Wheeler’s NuVuX Studio Term

Creativity and critical thinking.

The Wheeler School, as a partner with NuVu Innovation School in Cambridge, MA, has opened the first NuVuX Studio Term in Rhode Island, with admission to the program to students enrolled in Wheeler’s Upper School.

NuVu, located in Cambridge, MA and founded in 2010 by PhDs and other graduates of the Massachusetts Institute of Technology, forms unique partnerships with schools in the public, private, charter, and international sectors. Students in the Wheeler program will work in an immersive studio-model outside of typical classrooms and traditional coursework, fusing subject matter as needed by working with faculty members from NuVu and Wheeler on solving big (or small) open-ended problems. An end-of-term portfolio documents the students’ design decisions and showcases their final product.

Wheeler Upper School students apply to the program. Those students accepted choose to participate in a series of “studios” developed in a unique collaboration between Wheeler and the team at NuVu. Each studio will center on a large-scale problem and a “hands-on-minds-on” project-based approach to solution-seeking that will have an impact on the community or world.

Faculty NuVuX coaches John Campbell, English Department Head, and Christine Perkins, Science faculty, work with NuVuX Fellow Shaunta Butler in the program.

The Academic & Co-Curricular Benefits of the NuVuX Studio Term at Wheeler

John Campbell, Head of the Wheeler English Department said, “This program is for students who want their learning to effect a direct and immediate impact on the world. NuVuX Studio Term will require students to attend to the needs of their local environment and develop a course of study that aims to address those needs through the practical application of the design process. Students in NuVuX learn to embrace the hands-on, trial-and-error nature of the iterative process while using both their empathy and creativity to drive their classwork.”

Science faculty member Christine Perkins said, “The NuVuX program offers students an immersive adventure in project-based learning.  They will explore their ideas deeply, all the while collaborating with peers. They will embrace mistakes and discover which of their mistakes are the most valuable.  They will change their own minds and the minds of others. They will learn to follow through on projects, from the very seeds of ideas to completely constructed products.  This is the essence of creativity.”

 

Meet Shaunta Butler, Wheeler’s NuVuX Architecture Design Fellow

By John Campbell, English Department Head, and NuVuX Faculty Coach

Your official title at NuVu is “NuVuX Architecture Design Fellow,” but you often refer to yourself informally as an “innovation coach.”  What do these job titles mean to you? And how do they capture or reflect your day-to-day work with Wheeler students? 

My favorite part of being a fellow is that I have the ability, in that role, to help push students’ preconceptions of how to approach a problem or the iterative or prototyping processes in directions that they had never before imagined. In that way, the role of the fellow is to support and inspire the classroom atmosphere and the student attitudes necessary to foster creative learning.  Of course, as a fellow and an educator, one of my favorite parts of the work I do in the studio involves getting to know my students as individuals and developing an understanding of how their unique personalities and interests fuel the collaborative work we do together. In short, when students trust their coach, they are more receptive to the whole design process and thus better able to push their ideas towards further clarity and refinement.

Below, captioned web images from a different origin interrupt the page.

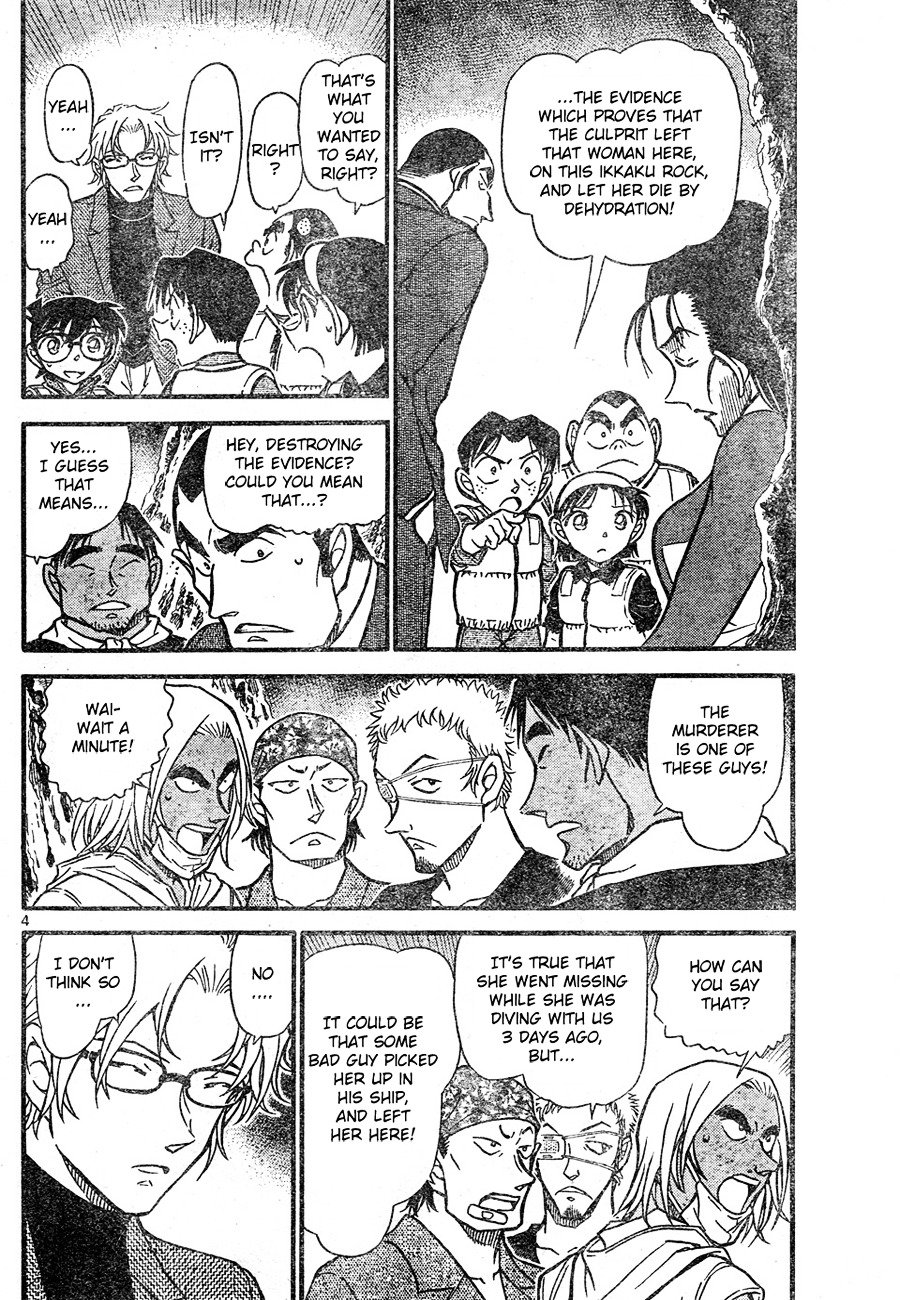 Page 4 of Chapter 666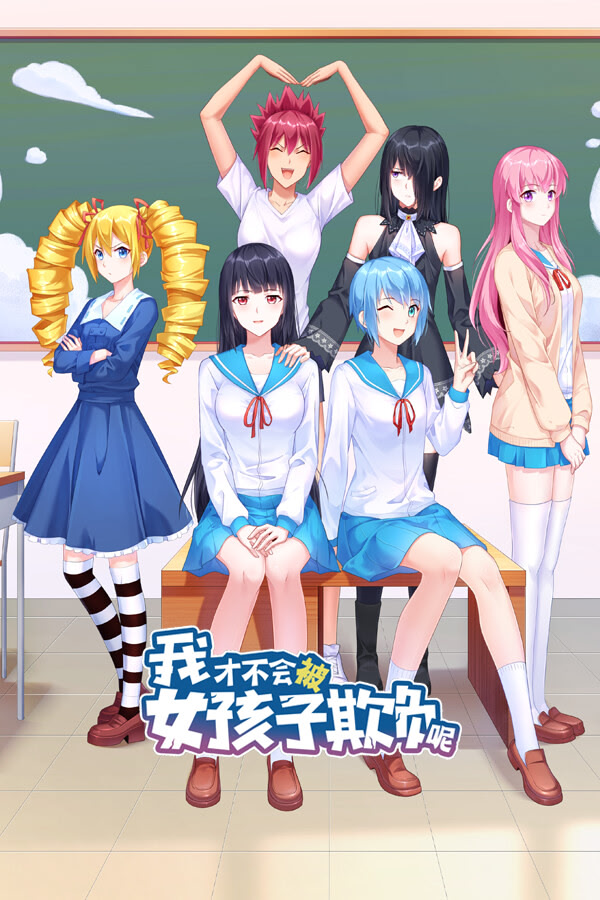 我才不会被女孩子欺负呢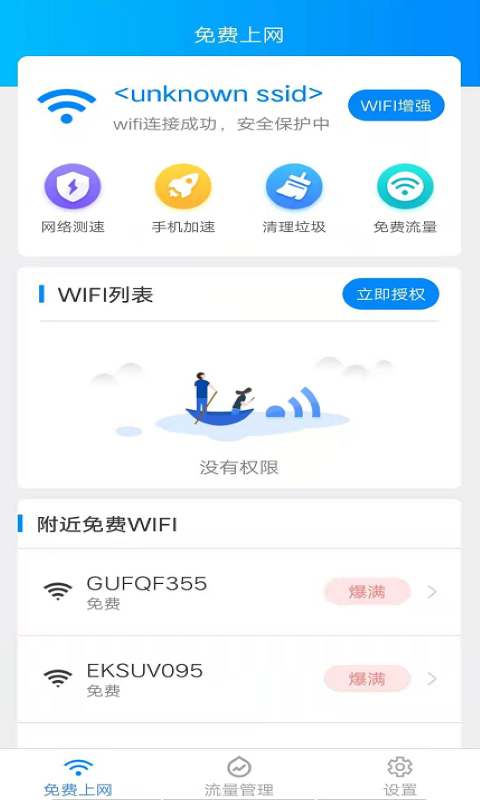 全能WiFi宝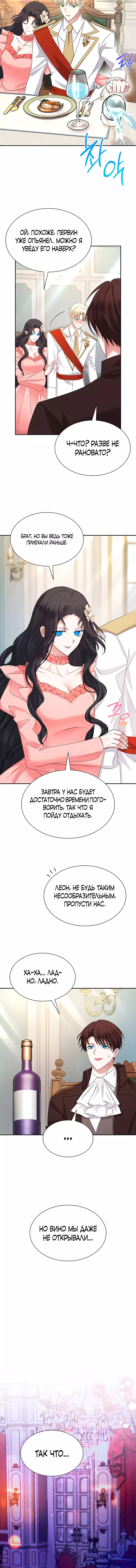 Манга Я бывшая жена одержимого герцога - Глава 49 Страница 6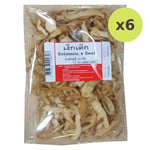 Makro Solomons Seal 250g - image 2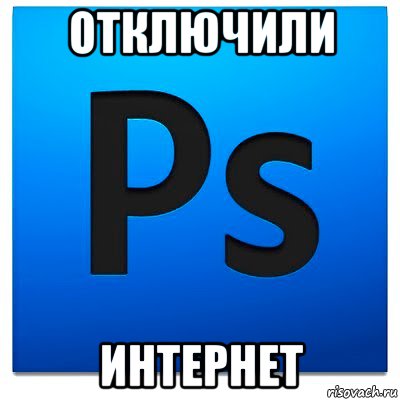 отключили интернет, Мем фотошоп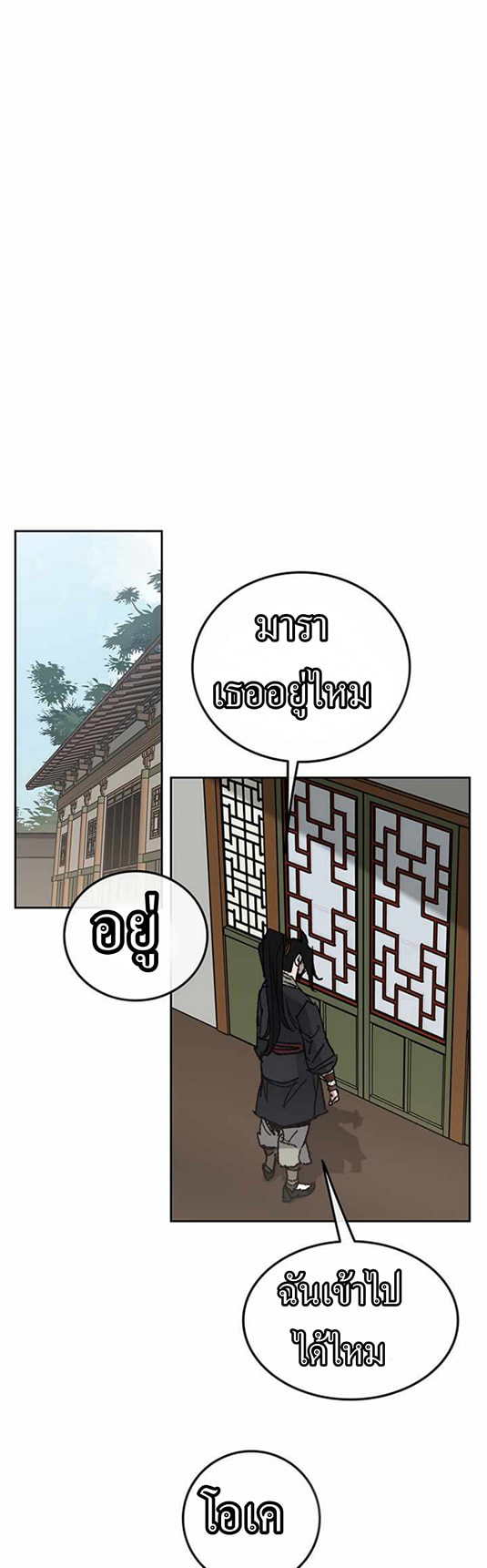 อ่านมังงะ The Undefeatable Swordsman ตอนที่ 57/29.jpg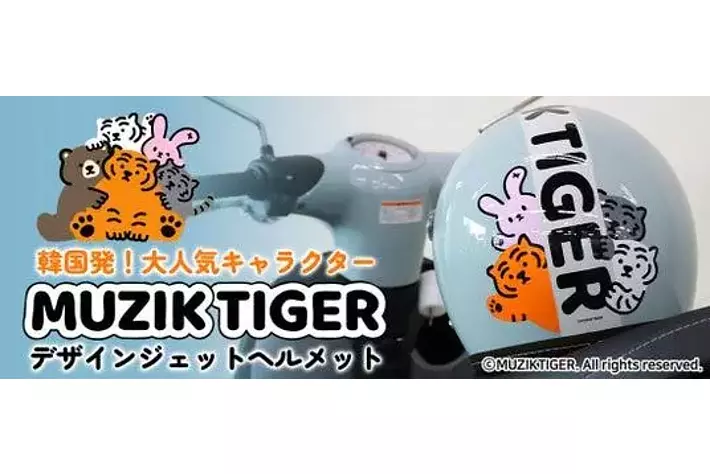 Tiger様専用 tiger様専用 TIGER様専用 tiger 様オーダー専用ページ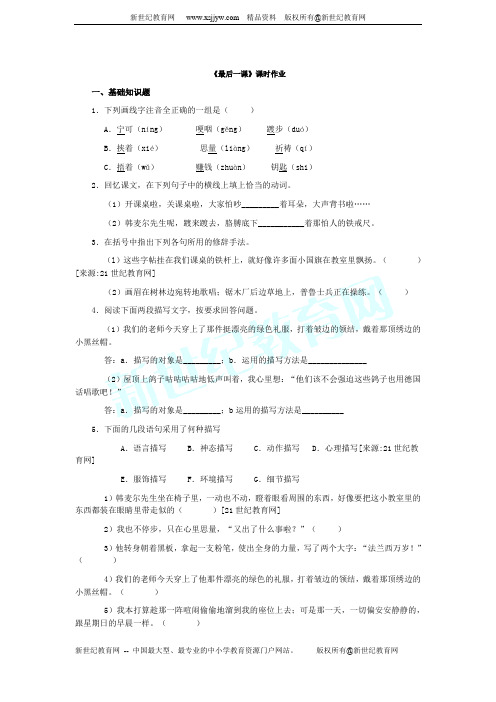 人教版七年级下册7《最后一课》同步练习1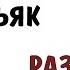 Скопинский маньяк Разбор психолога Татьяны Дьяченко
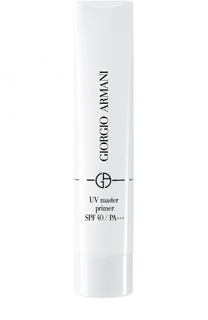 Праймер для лица UV Master Giorgio Armani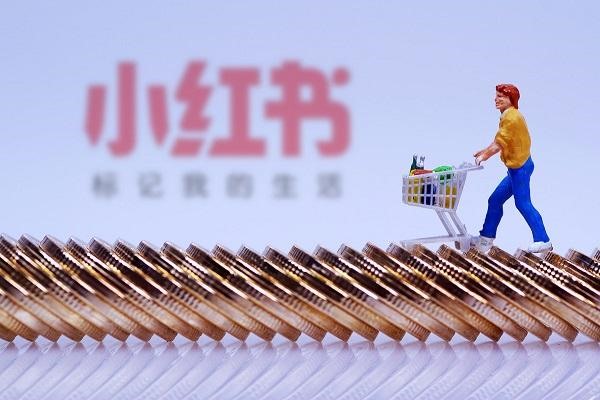 如何在小红书APP上购买商品？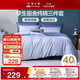 富安娜學(xué)生宿舍套件 純棉三件套 純色床單被套單人床品152*210cm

At the end of a NuVuX semester at Wheeler, what is it that you hope your students take with them into their classes and, more broadly, into their lives?

Much like the way that taking a drawing class can help us see that we are surrounded by shapes, figures, and negative space in everyday life, students who have experienced the NuVuX pedagogy and process become aware not only of the social, cultural, and physical systems that surround them but they also learn to see themselves as people who have the power, confidence, and ability to reimagine these systems for the better.

As a new member of the Wheeler community, what most excites you for the coming year?

Honestly, I think education is undergoing a huge philosophical shift, and so to be able to bring the educational approach and methodology of the architecture studio model to upper and middle school education is really a very exciting thing. Furthermore, even though I’ve only been at Wheeler for a month or so, I can feel the momentum of all the exciting work that is being done by my Wheeler colleagues to embrace twenty-first century learning, and I’m fully stoked to be a part of it!